PDF creation and manipulation
Creating a PDF from images
To create a PDF from images without OCR one can use imagemagick.
convert command to convert two png files to an pdf with a pagesize of DIN A4.convert -page a4 page_1.png page_2.png document.pdf
Also see the imagemagick documentation on the -page option..
OCR using OCRmyPDF
OCRmyPDF is a python wrapper for tesseract that makes it pretty painless to run OCR on a PDF and turn PDFs into standards compliant PDF/A and optimize PDFs to reduce filesize.
ocrmypdf -l deu+eng input.pdf output.pdf
Package Note: The package is called ocrmypdf for all major Linux distributions (AUR on Arch).

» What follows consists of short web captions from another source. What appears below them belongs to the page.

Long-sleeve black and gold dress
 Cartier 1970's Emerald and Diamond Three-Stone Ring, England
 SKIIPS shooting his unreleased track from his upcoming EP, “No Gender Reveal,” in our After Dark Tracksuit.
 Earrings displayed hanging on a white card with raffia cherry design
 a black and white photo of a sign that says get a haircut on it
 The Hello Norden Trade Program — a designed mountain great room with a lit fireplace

Thank you (again) to the friend who found this tool.
Creating PDFs with OCR using tesseract and poppler
To create PDFs with an OCR overlay one can delegate the image to PDF step to tesseract using its pdf preset and join the resulting documents after the OCR step with the poppler pdfunite tool.
tesseract page_n.png page_n [options...] pdf
pdfunite page_*.pdf document.pdf
Accessibility Note: These OCR overlays while pretty good are intended for making the documents searchable, they are not a replacement for proper semantic and accessible documents.
Getting text out of PDF files
To get text out of a PDF one can use the pdftotext and pdftohtml command (which come with poppler).
pdftotext file.pdf
Packages
To get the commandline utilities on some distributions one should also install the <packagename>-bin package.
Imagemagick is sometimes just called magick.
Tesseract usually comes without the needed data files, these probably come in packages called like tesseract-data-<lang>, if you just want everything there is probably a tesseract-data-all metapackage.
The pdfunite and pdfto* commands are either directly in the poppler package or in poppler-utils.